Newton’un başına elma düştüğünü ‘bilen’ herkesin mutlaka bildiği bir başka öykü daha var. Arşimet‘in hamamda suyun kaldırma kuvvetini bulup “Eureka! (buldum)” diye bağırarak, çıplak şekilde kendini antik Yunan şehri Sirakuz’un sokaklarına atması… Keyfinizi kaçırmak istemem ama çok büyük olasılıkla bu öykü de bir uydurma. Arşimet’ten yaklaşık iki yüzyıl sonra, inşaat mühendisi Vitruvius‘un kitabında yer almış ilk kez. Bu öyküde tasvir edilen hamam tekniği olanakların Arşimet döneminde var olmasının imkansızlığından hareketle, “bu öykü uydurma” diyen çok sayıda bilim tarihçisi var.

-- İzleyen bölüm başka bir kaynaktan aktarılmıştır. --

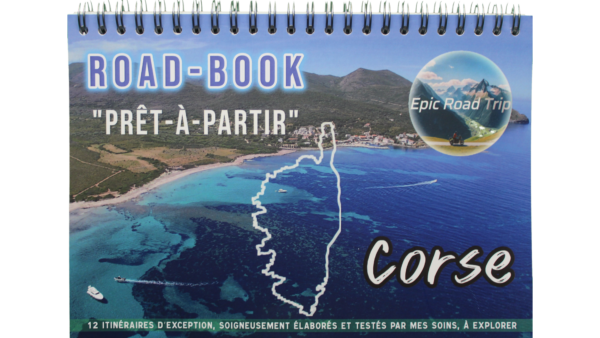 Road Book : un parcours de rêve sur l’Île de Beauté CORSE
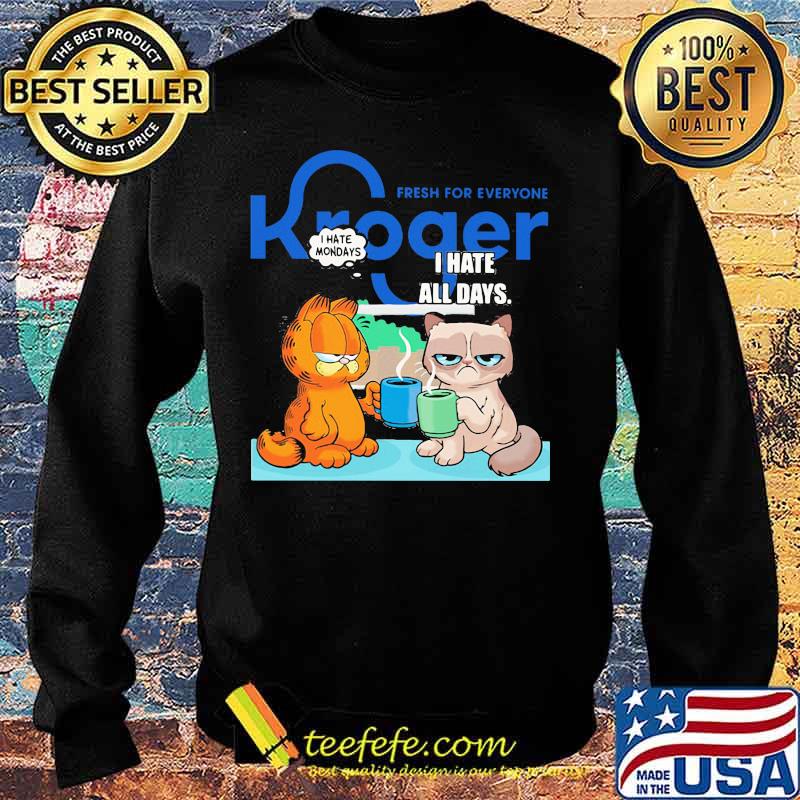 Fresh for everyone kroger i hate mondays i hate all days garfield and meme cat s Sweater Fresh for everyone kroger i hate mondays i hate all days garfield and meme cat s Sweater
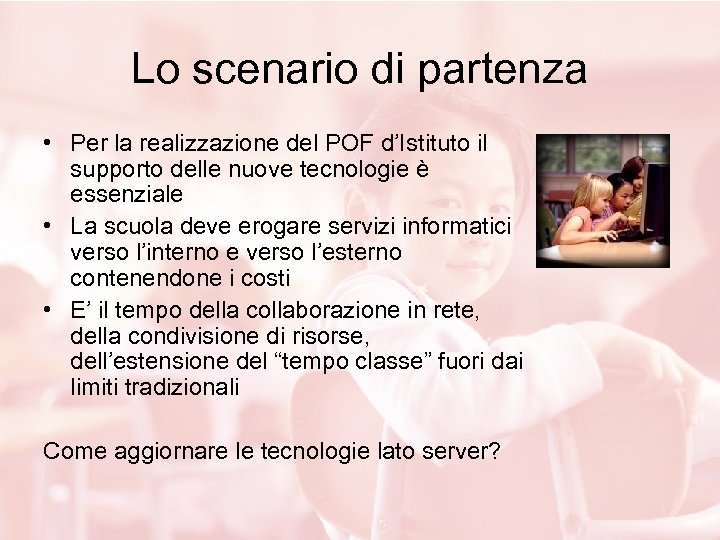 Lo scenario di partenza • Per la realizzazione del POF d’Istituto il supporto delle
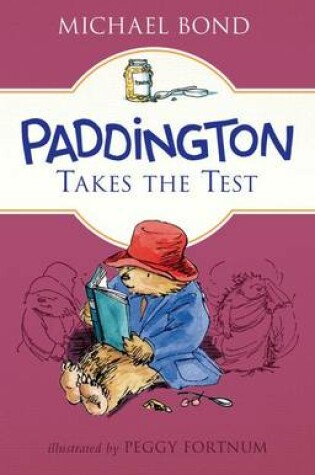 Cover of Paddington Takes the Test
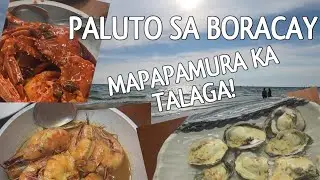 PALUTO SA BORACAY | MURA NGA BA? | Eats CHESKA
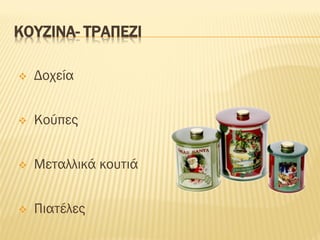 ΚΟΥΖΙΝΑ- ΤΡΑΠΕΖΙ
❖ Δοχεία
❖ Κούπες
❖ Μεταλλικά κουτιά
❖ Πιατέλες
 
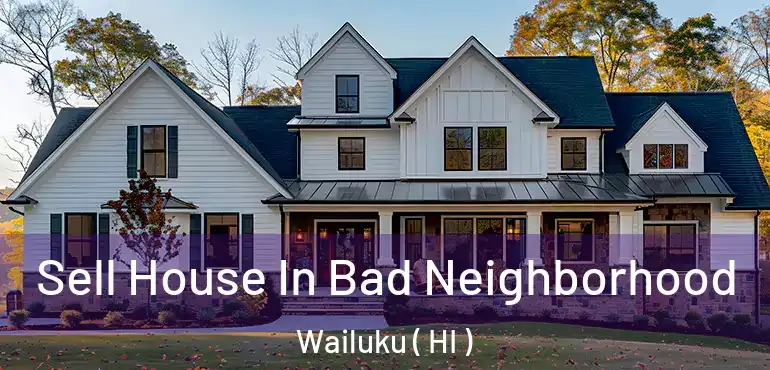  Sell House In Bad Neighborhood Wailuku ( HI )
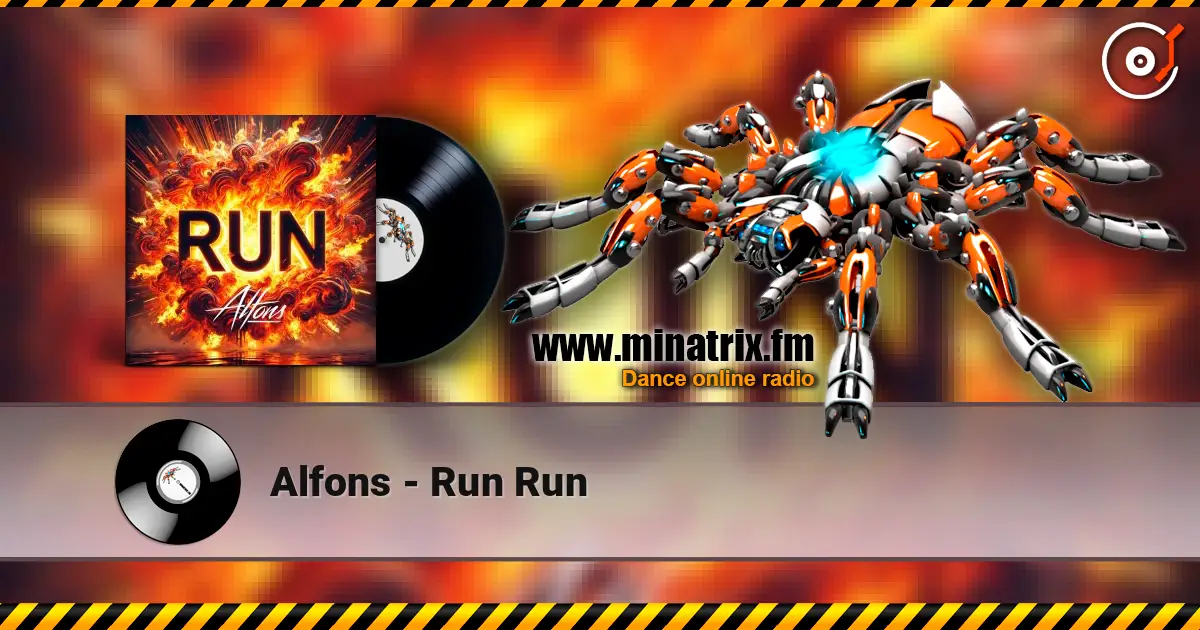 Alfons - Run Run жоғары сапада онлайн тыңдау | Minatrix.FM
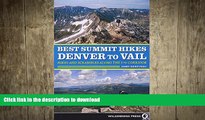 READ THE NEW BOOK Best Summit Hikes Denver to Vail: Hikes and Scrambles Along the I-70 Corridor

Peki bu öykülerin uydurma olduğunu bilmek neden önemli? Ne zararı var ki bu iki öykünün? İtiraz şu: Bu uydurma hikayeler, bilimsel keşif ve icatların arkasındaki ömürlük çabayı siliyor. Ve önemli bilimsel keşif ve başarıların, “dahi” insanların “anlık aydınlanmalarının sonucu olduğu” gibi çok yanlış bir fikir veriyor. Ve okul sıralarında duydukları bu öyküler yeryüzünde milyonlarca genci, “ben video oyununun başından kalkmayayım, kısmette varsa gelir o ilham” yanlış düşüncesine itiyor.

Ben bu iki öykünün uydurma olduğunu ilk kez Jonah Lehrer’dan öğrendim. En çok da Lehrer’ın dikkat çektiği ve milenyum gençliğinin önemli bir kısmının hiç duymadığı bir kavramı vurgulamasını önemsedim: ‘sebat’. Lehrer, tıpkı yüzyıllarca olduğu gibi yeni çağın bilimini de bu eski erdemin, yani sebatın şekillendireceğinde ısrarlı. Bilim, dehaların değil, “sabırla emek harcayanların” sahası olageldi ve bundan sonra da öyle olacak.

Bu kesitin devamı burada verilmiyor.